Birch doesn’t really go into his drawers. Sometimes he will for a specific shirt or shorts, but for the most part we lay out his clothes before he gets dressed.
Mazen, however, is the one in his drawers most of the time. He can put away his laundry and decides what to wear (athletic shorts and a tee every day). He also rustles through when choosing an outfit and puts things back in after rejecting them sometimes (a too-small shirt, for example) so I do go in and maintain his drawers maybe every other month. Since he doesn’t have a TON of clothes and he only has 3 main drawers, it’s pretty easy to do!
Short sleeves on the left, athletic in the middle, long sleeves on the right.
Create a System for Hand-Me-Down Clothes
And finally, the biggest headache of them all: hand-me-downs!
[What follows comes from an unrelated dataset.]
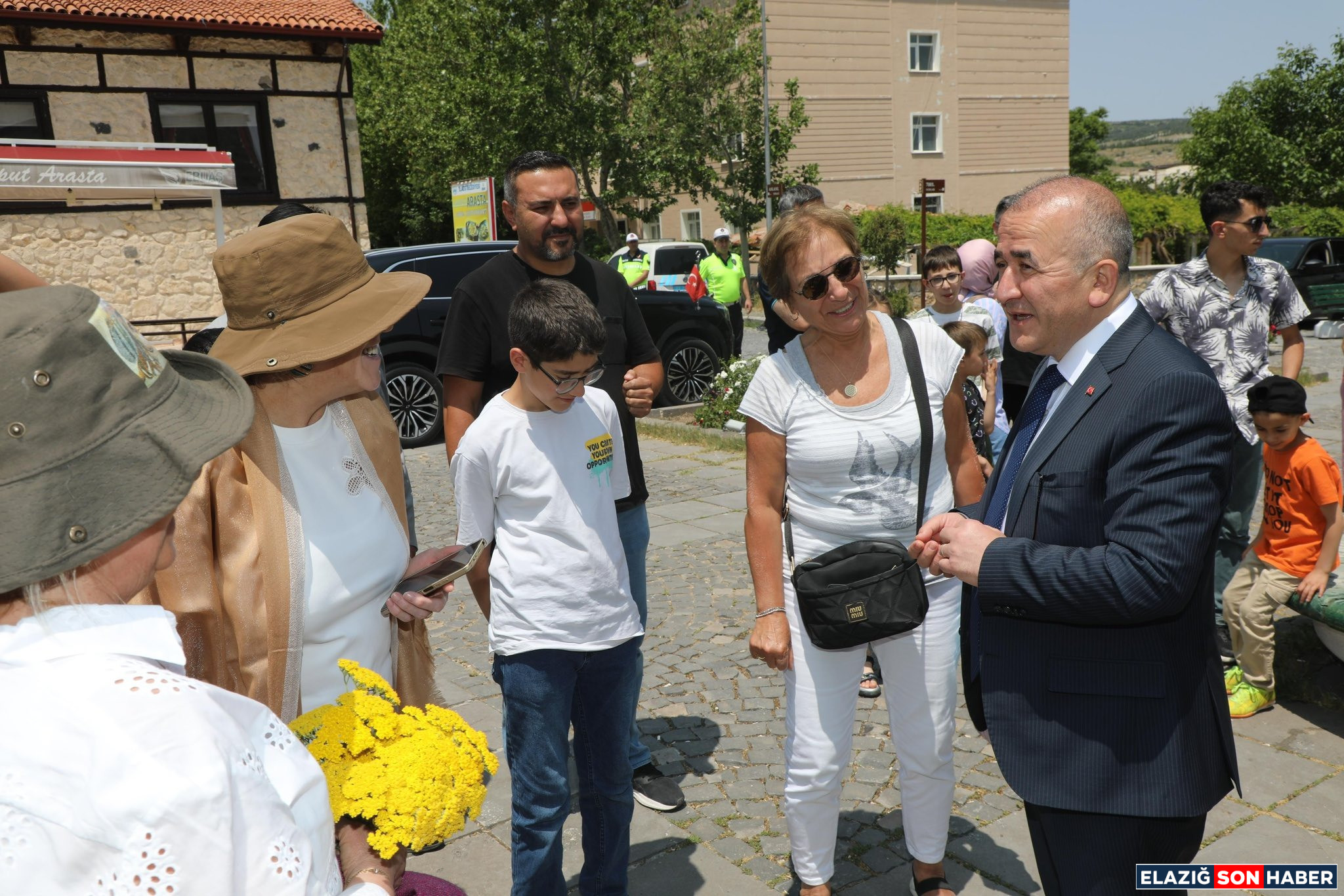 1749207710 Gswuuvexcaaa4Li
What do you do when you want to save clothes for a younger sibling OR if you are given a lot of hand-me-downs and need to store them? We’ve also had a wide gap between kids (who thankfully are both boys so sharing is maximized). Here’s what I do:
Tips for storing hand-me downs
I only save the VERY best clothes. I have learned that something that was just OK when Mazen was young will be just OK when Birch is ready for it too. With a six-year age gap, styles change too, so I only save the most pristine, timeless clothes. Do not save anything that is stained or torn – take it from me.
Where and what you store in will depend on your house. I used to have a few big plastic tubs in our attic and now I have paired that down to just TWO under bed storage bins that are much easier to access. You can store the clothes in a closet, an attic, the garage, or even a friends’ house. Or you can loan them out to a friend with a child whose age is in between yours (I sent my friend Sarah all of Mazen’s clothes and most of them came back two years later!).
Note that if you’re storing really nice clothes in somewhere really moist or hot they might yellow. That’s another reason I switched from attic to under bed.
When I bring a tub out of storage I go through it again and usually can eliminate even more clothes that I know either won’t fit in our dresser or I just don’t love. Then I wash all the keeps and donate the rest!
Next Season’s Clothes
Whether you like to buy things on super-sale at the end of next season, are gifted clothes for your kids to grow into, or have the next size up saved from a sibling, you’ll probably want easy access to next season’s clothes. This is another reason I love under-bed storage bins to organize kids clothes! They are just tucked away enough to be out of sight, but they are very easy to access should you need to get a sweater in early fall, shorts in early spring, or those rain boots that were just a little too big last year.
Which type of under bed bins are best?
We used to have big plastic roller bins but they broke! Probably from a child walking on them like so:
I switched to these from Amazon to organize kids clothes for the upcoming season and have been really happy. They are actually bigger because they stretch, have an easy label area, and are flatter/able to be smushed so I can fit more under our low bed. Note I did have to unwrap the clothing items and let them air out outside for a bit because they had a plastic smell out of the package.